From the Daily Telegraph
Britain risks turning into France under Labour government, warns Bank of America:
A Labour victory in May’s general election would lead to the UK economy coming to resemble struggling France, one of the world’s leading investment banks has warned.
Bank of America Merrill Lynch said that Ed Miliband would “seriously interfere with the private sector”, binding businesses in red tape and discouraging investment in the UK.
In a research note published on Friday, The economists predicted that a Labour-led government, governing alone or in a left-wing coalition, would mean an economy structured like France, which has strict laws on working hours, minimum wages and contracts.
As a result, the UK would be less likely to grow strongly.
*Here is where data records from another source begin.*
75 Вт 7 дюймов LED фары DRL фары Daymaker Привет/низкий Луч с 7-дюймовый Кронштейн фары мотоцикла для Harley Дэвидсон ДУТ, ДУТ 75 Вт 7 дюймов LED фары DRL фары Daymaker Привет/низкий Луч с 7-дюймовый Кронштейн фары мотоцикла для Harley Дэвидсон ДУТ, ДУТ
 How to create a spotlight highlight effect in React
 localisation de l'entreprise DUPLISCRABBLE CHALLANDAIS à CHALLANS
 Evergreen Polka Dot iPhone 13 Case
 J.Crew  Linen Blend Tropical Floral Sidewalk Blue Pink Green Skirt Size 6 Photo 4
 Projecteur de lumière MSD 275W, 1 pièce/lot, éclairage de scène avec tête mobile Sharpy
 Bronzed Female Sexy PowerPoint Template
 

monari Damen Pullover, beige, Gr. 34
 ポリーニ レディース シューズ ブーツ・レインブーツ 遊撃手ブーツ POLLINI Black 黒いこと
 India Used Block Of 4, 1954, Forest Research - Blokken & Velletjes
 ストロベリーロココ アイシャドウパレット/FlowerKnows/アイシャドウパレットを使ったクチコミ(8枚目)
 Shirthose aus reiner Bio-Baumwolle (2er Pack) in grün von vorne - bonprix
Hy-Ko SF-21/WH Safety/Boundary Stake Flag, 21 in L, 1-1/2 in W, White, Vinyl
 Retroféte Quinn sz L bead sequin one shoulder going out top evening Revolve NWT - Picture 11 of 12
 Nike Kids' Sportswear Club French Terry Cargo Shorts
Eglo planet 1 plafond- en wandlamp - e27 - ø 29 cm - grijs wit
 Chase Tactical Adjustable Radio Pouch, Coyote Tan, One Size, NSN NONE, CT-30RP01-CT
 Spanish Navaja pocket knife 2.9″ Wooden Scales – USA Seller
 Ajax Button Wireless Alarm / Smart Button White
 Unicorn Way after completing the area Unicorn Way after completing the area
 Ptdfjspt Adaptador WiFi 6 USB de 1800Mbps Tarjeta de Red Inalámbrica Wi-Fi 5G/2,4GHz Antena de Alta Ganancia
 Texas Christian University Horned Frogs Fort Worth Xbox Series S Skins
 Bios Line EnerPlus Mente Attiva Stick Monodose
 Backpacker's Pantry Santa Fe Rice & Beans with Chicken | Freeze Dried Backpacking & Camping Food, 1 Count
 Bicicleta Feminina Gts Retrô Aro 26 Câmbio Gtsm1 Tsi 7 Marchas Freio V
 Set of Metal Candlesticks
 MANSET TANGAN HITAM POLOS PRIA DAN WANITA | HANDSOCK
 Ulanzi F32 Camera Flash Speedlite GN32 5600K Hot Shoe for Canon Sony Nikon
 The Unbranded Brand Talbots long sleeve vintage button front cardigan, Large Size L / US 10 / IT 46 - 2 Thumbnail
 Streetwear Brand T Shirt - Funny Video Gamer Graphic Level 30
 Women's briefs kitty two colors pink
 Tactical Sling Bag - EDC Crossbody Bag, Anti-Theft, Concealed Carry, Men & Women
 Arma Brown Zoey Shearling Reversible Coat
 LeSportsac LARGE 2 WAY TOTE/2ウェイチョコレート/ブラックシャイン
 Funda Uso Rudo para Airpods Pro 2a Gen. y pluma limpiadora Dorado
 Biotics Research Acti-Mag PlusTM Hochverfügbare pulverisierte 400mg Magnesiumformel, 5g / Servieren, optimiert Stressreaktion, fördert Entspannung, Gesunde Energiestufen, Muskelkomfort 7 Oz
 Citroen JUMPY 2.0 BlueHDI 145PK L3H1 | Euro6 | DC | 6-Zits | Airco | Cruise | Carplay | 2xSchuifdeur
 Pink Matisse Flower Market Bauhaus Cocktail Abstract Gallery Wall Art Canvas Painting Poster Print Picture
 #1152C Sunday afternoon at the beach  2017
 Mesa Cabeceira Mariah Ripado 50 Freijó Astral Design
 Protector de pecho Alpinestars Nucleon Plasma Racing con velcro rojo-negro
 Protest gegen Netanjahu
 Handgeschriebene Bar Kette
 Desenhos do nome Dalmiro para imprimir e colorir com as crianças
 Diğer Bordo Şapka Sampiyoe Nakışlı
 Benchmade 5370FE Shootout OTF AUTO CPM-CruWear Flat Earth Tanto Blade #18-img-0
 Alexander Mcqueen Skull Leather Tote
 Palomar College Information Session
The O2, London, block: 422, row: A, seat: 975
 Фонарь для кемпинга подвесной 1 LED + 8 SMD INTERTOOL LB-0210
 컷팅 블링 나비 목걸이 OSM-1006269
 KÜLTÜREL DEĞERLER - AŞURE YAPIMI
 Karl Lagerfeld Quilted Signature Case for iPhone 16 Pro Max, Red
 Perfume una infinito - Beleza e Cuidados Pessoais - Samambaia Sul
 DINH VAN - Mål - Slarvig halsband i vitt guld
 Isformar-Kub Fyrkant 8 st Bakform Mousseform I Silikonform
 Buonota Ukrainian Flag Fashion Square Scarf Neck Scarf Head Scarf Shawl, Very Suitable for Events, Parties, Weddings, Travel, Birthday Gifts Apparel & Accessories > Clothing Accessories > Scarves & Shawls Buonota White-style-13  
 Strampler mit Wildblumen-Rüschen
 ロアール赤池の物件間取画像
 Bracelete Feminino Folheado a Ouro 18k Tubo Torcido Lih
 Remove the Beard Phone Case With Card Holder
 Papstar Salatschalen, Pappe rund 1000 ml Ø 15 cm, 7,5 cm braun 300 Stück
The research, from Bank of America’s European economists, is the latest warning that a Labour government would be bad for business.
“A left wing coalition around Labour, would, in our view, continue to deliver on fiscal austerity, albeit a milder version than the Tories, with the accompanying cyclical headwind that this entails, while embarking on structural changes which could in the medium run reduce the appeal of the UK as a business location and trigger, ultimately, a deterioration in potential GDP growth,” it said.
“In a nutshell, the UK would look increasingly like France.”
Bank of America’s economists said that unlike the previous Labour government, which welcomed investment in the UK and deregulated industries, Labour would be unable to massively increase public spending.
The only way Miliband could play to his core support, then, would be attention-grabbing interventions such as a major hike in the minimum wage.
An £8-an-hour minimum wage would put the UK on a par with France in terms of the minimum wage as a proportion of median incomes.
“In our view, a Labour government in power, to deliver the goods to its traditional base – will have no other option, this time, but to seriously interfere with the private sector,” Bank of America said.
“If a centre-left government cannot tackle inequality through social transfers, it will be tempted to focus on fighting “primary inequality”, for instance by imposing a massive increase in the minimum wage.”